Rule 701 is the SEC exemption that lets a private US company grant equity compensation to its team without registering those securities with the SEC, as long as the grants stay within set limits. It is what allows you to issue options, RSUs, and restricted stock to employees, consultants, and advisors as compensation. This article explains the exemption and the three limits Cake tracks for you.

Who Rule 701 covers

Rule 701 applies to equity granted as compensation to:

  • Employees of the company
  • Consultants and advisors providing genuine services
  • International team members of a US issuer

It covers equity given as compensation.
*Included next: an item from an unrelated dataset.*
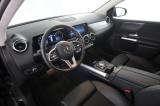 VENDO Auto a Roma – foto 1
It does not cover equity sold to investors to raise capital, which runs under different exemptions.

The three tests

Rule 701 sets three limits, measured over any consecutive 12-month period. The three are independent, and a company can rely on the exemption by staying under any one of them. Cake measures your grants against all three and shows your position on each.

TestWhat it measuresLimit
Test 1Total dollar value of Rule 701 grants$1,000,000
Test 2Total shares issued under Rule 70115% of outstanding shares
Test 3Total dollar value of Rule 701 grants15% of total assets

Important: Cake tracks your Rule 701 position from the figures you enter, to help you stay on top of it. It is a tracking tool, not legal advice, so confirm your position and any obligations with your securities counsel.

The 12-month window

Rule 701 measures grants over any consecutive 12-month period. This can be a rolling window (the 12 months ending on each grant date) or a fixed window (aligned to a fiscal or calendar year). You set which method applies to your company in Cake.

What Happens Next

Once your grants are in Cake, the Rule 701 Tracker shows your position against each of the three limits and flags when you are getting close to one.

Important: If you are approaching the Rule 701 limits, or think you might exceed them, speak with your securities counsel about your disclosure obligations to the SEC before granting or exercising further. It is better to get advice early than to discover an obligation after the fact.